The film-makers have wriggled their way free by making a picture that is not really about Steve Jobs. Distance is established immediately by casting Michael Fassbender – who could hardly look less like Jobs if he were a woman – as the irritable, obsessive title character. Late in the film, we meet the adopted Jobs’s birth father and we find ourselves wondering how a Syrian man managed to sire such an unmistakably European head.

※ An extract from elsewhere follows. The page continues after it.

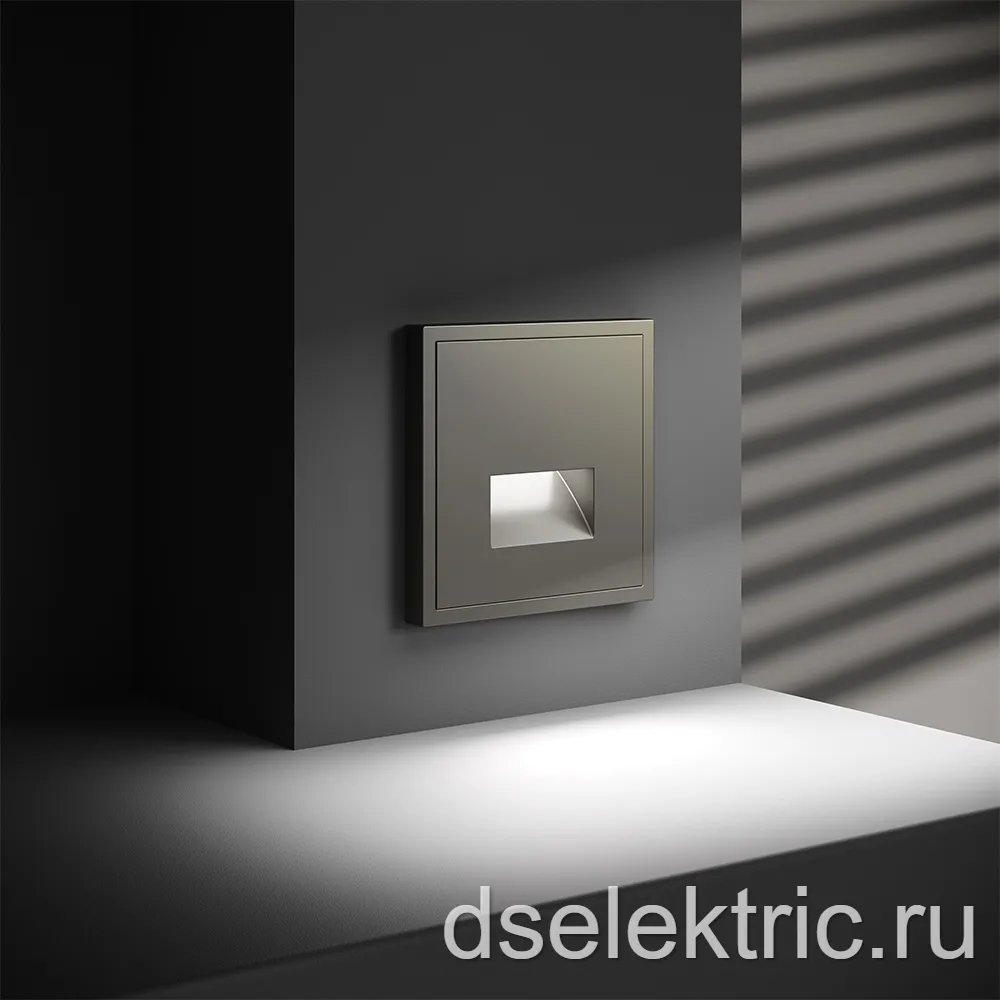 Картина продукта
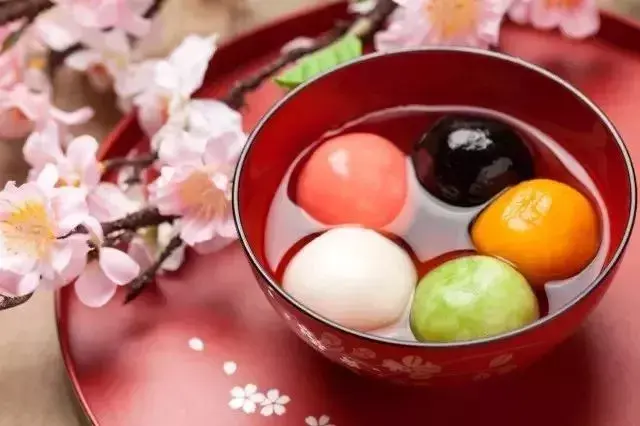 厦门民俗文化，厦门民俗文化村（厦门春节竟有这么多民俗）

The details of the story are plucked from Walter Isaacson’s biography of Jobs, but Boyle and Sorkin have created a heightened version of Jobs and placed him in a pointedly artificial take on the real world. Jobs grasped where the technology was going, but he is still, perhaps, best celebrated for his insistence on beautiful design. He would, thus, surely have admired the elegant structure that Sorkin has imposed on his witty screenplay.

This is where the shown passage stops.